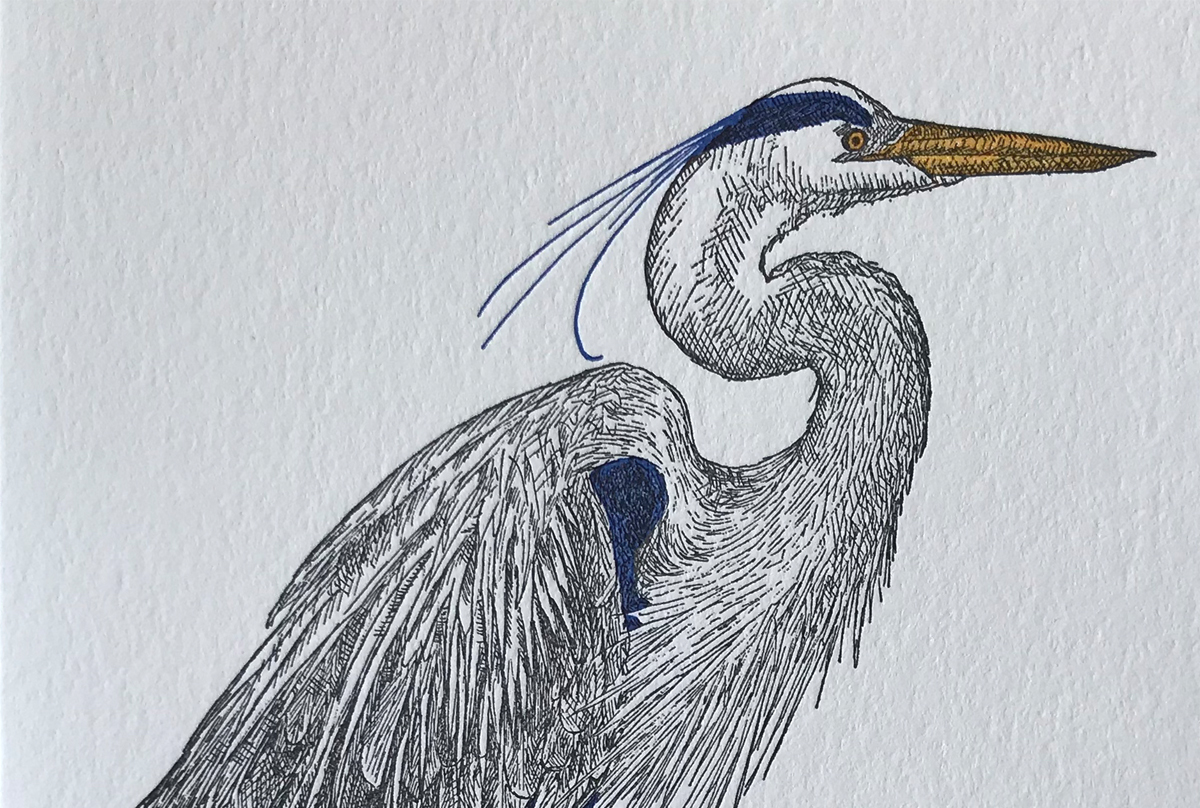 Blue Heron Illustration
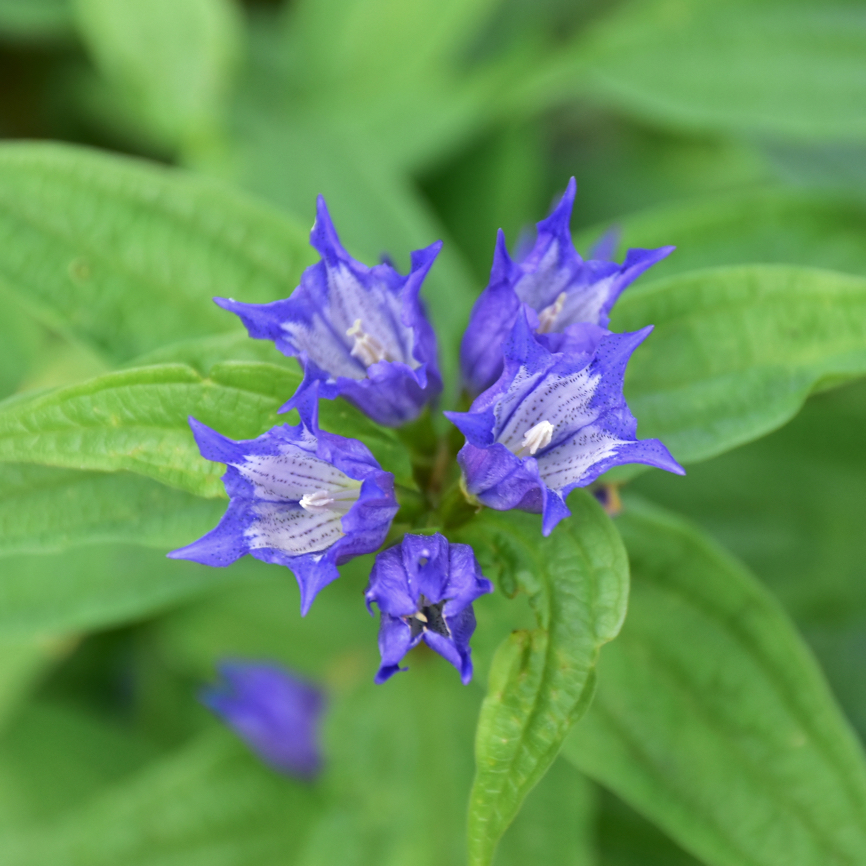 nettle-leaved bellflower with blue petals and white centres growing outside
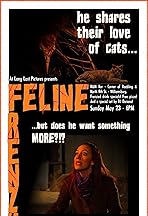 Feline Frenzy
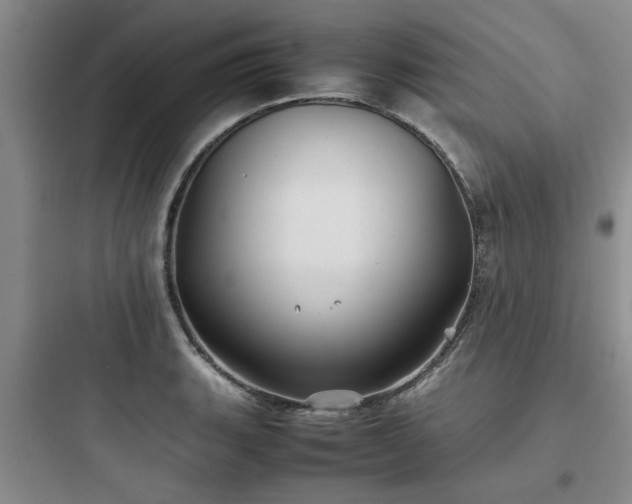 X0000097901135200803211435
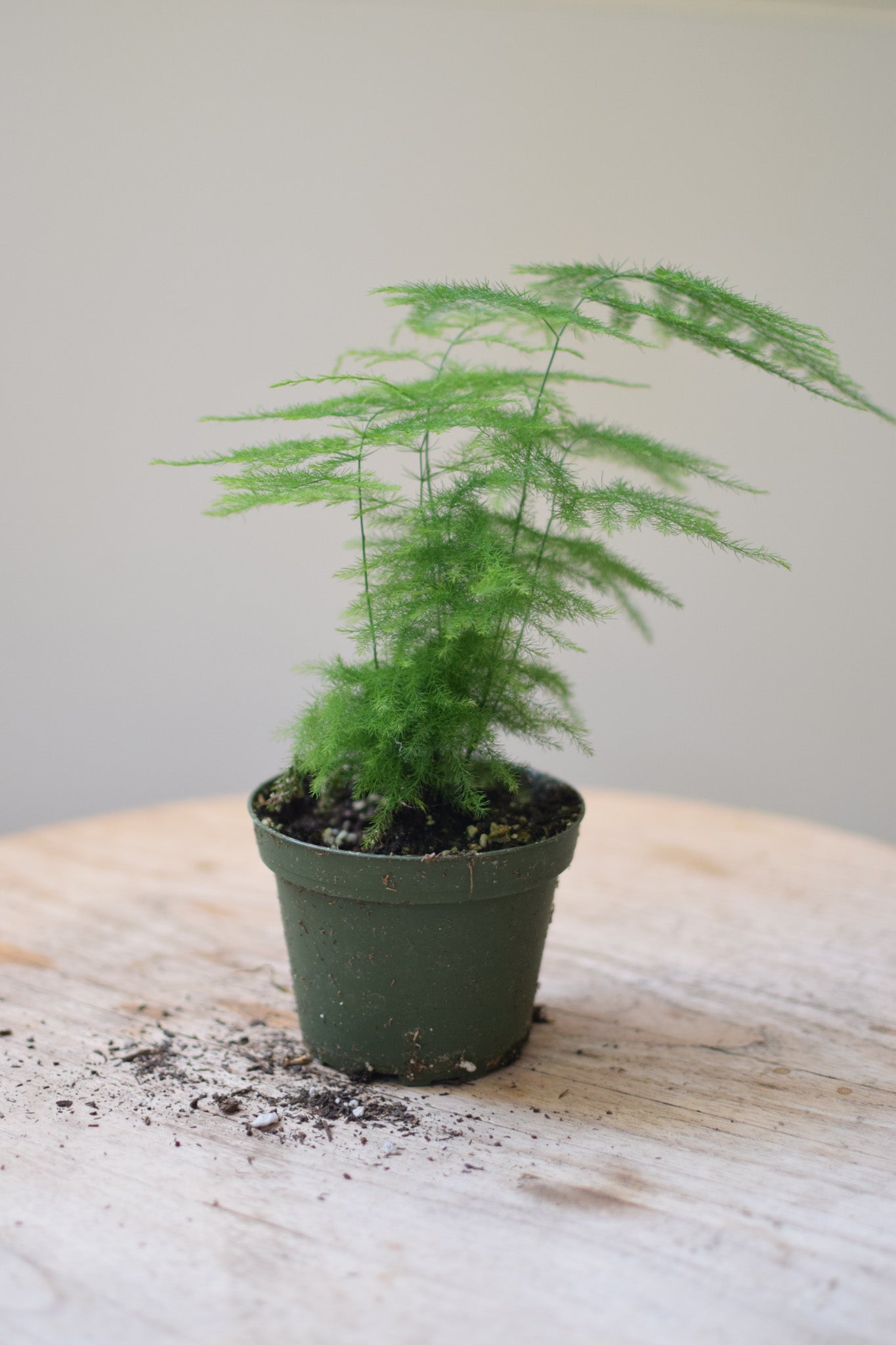 4" Euphorbia Mammillaris Var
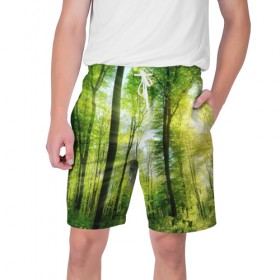 Мужские шорты 3D с принтом Солнечный лес в Новосибирске,  полиэстер 100% | прямой крой, два кармана без застежек по бокам. Мягкая трикотажная резинка на поясе, внутри которой широкие завязки. Длина чуть выше колен | деревья | зелень | лес | лето | лучи солнца | солнце | тайга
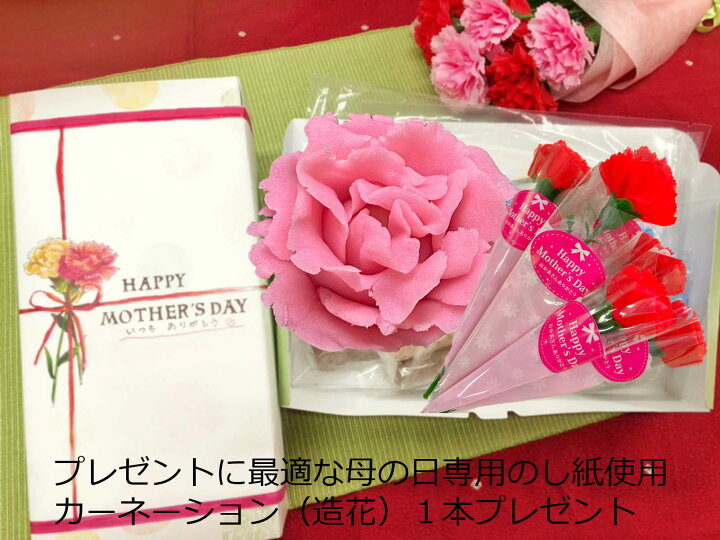 楽天市場 母の日 プレゼント ２０２１ クーポン 母の日 練り切り 手作り 練り切り 和菓子 母の日 ギフト 母の日 似顔絵 完成品 和菓子 6個 お取り寄せグルメ スイーツ グルメ プレゼント 実用的 カーネーション 母親 60代 送料無料 スイーツセット お菓子スイーツ 花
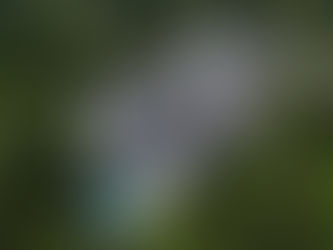 Hotéis e Pousadas Românticas dentro de São Paulo: Refúgios Urbanos para o Amor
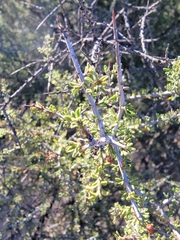Condalia warnockii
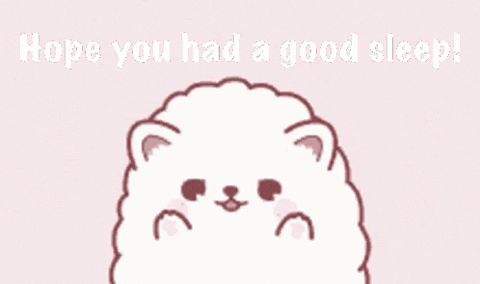 Cute Pomeranian Hope You Sleep Well GIF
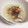 Shiho09090's cooksnap of when they made 大根と白菜と鶏のみぞれ鍋.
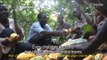 İlk kez çikolata yiyen kakao işçileri - Fildişi Sahili (HD)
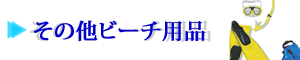 その他ビーチ用品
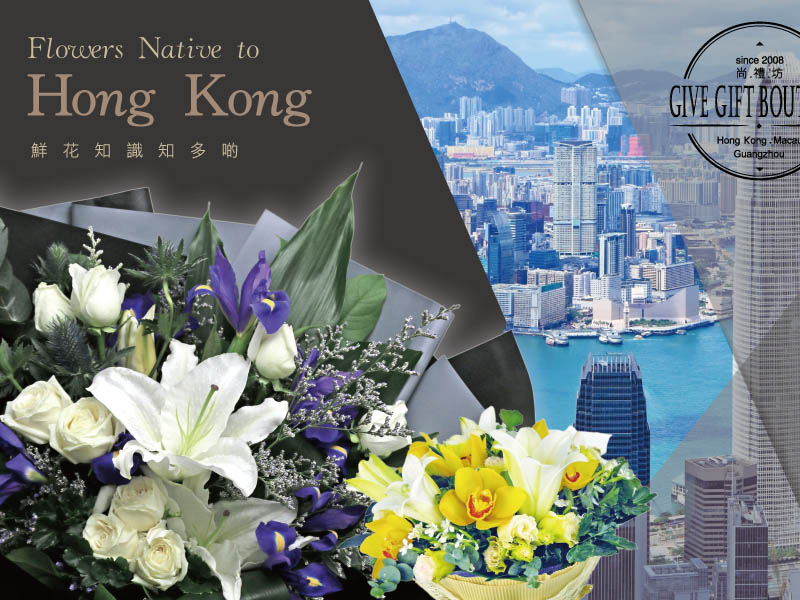 鲜花知识知多啲 – 香港本地花卉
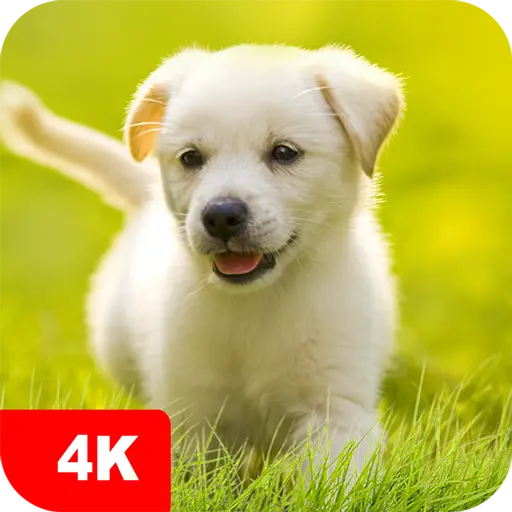 Puppy Wallpapers 4K icon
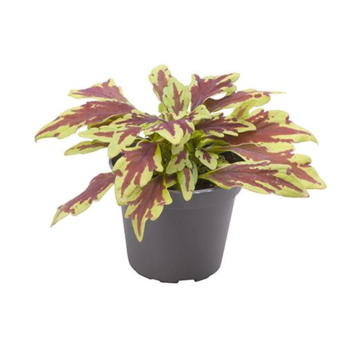 image COLEUS BLUMEI LE FREAK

WHAT IS EXPECTED »
Without any pictures, return the material above exactly.

COMPLETED TASK »
 Blue Heron Illustration
 nettle-leaved bellflower with blue petals and white centres growing outside
 Feline Frenzy
 X0000097901135200803211435
 4" Euphorbia Mammillaris Var
 Мужские шорты 3D с принтом Солнечный лес в Новосибирске,  полиэстер 100% | прямой крой, два кармана без застежек по бокам. Мягкая трикотажная резинка на поясе, внутри которой широкие завязки. Длина чуть выше колен | деревья | зелень | лес | лето | лучи солнца | солнце | тайга
 楽天市場 母の日 プレゼント ２０２１ クーポン 母の日 練り切り 手作り 練り切り 和菓子 母の日 ギフト 母の日 似顔絵 完成品 和菓子 6個 お取り寄せグルメ スイーツ グルメ プレゼント 実用的 カーネーション 母親 60代 送料無料 スイーツセット お菓子スイーツ 花
 Hotéis e Pousadas Românticas dentro de São Paulo: Refúgios Urbanos para o Amor
Condalia warnockii
 Cute Pomeranian Hope You Sleep Well GIF
 Shiho09090's cooksnap of when they made 大根と白菜と鶏のみぞれ鍋.
 İlk kez çikolata yiyen kakao işçileri - Fildişi Sahili (HD)
 その他ビーチ用品
 鲜花知识知多啲 – 香港本地花卉
 Puppy Wallpapers 4K icon
 image COLEUS BLUMEI LE FREAK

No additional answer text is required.